AIM OF THE EXERCISE =
Make an exact copy of the listing, without images.
DATASET SECTION section start
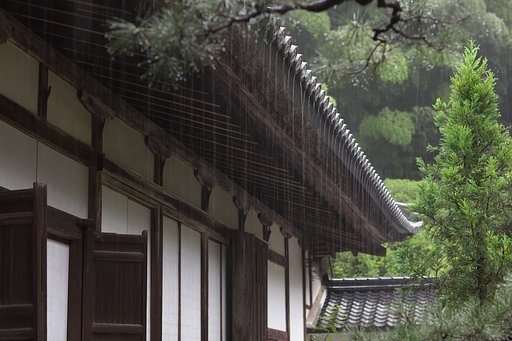 雨の禅寺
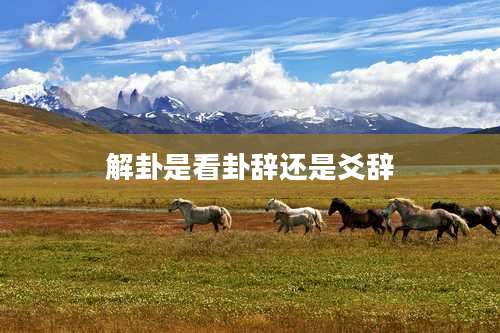 解卦是看卦辞还是爻辞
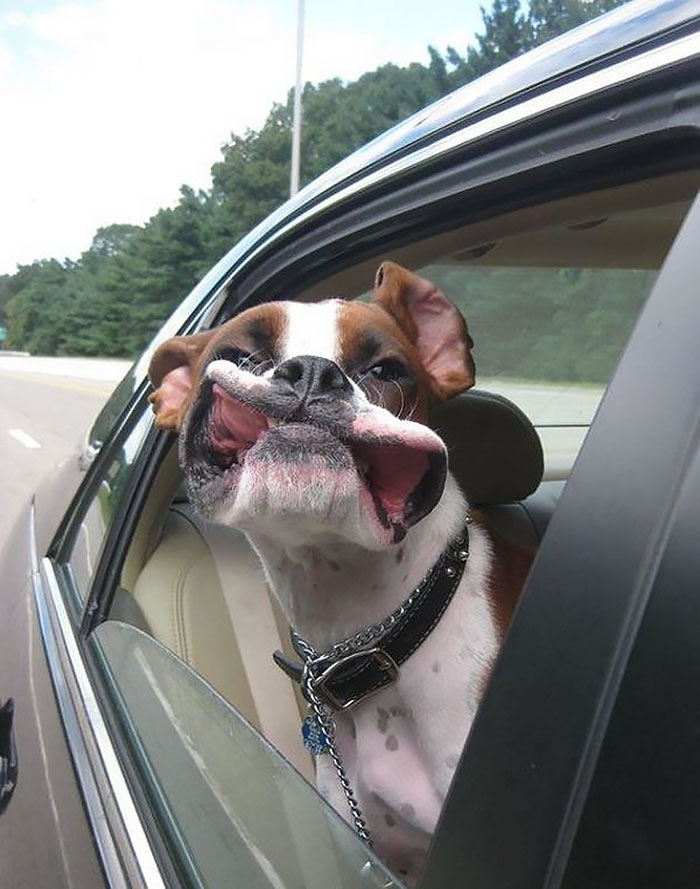 Boxer dog making a funny face out a car window, showcasing its quirky and adorable nature.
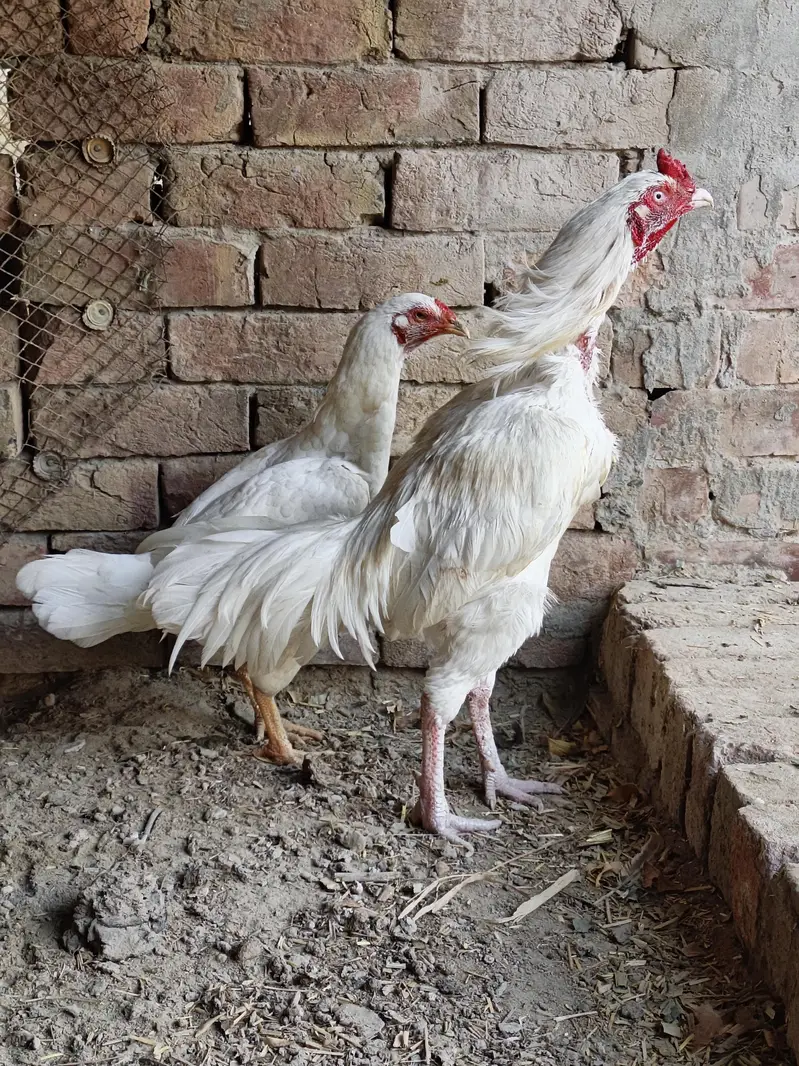 high quality Heera aseel pair03040971498 — photo 3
DATASET SECTION section end
WRITTEN ANSWER =
 雨の禅寺
 解卦是看卦辞还是爻辞
 Boxer dog making a funny face out a car window, showcasing its quirky and adorable nature.
 high quality Heera aseel pair03040971498 — photo 3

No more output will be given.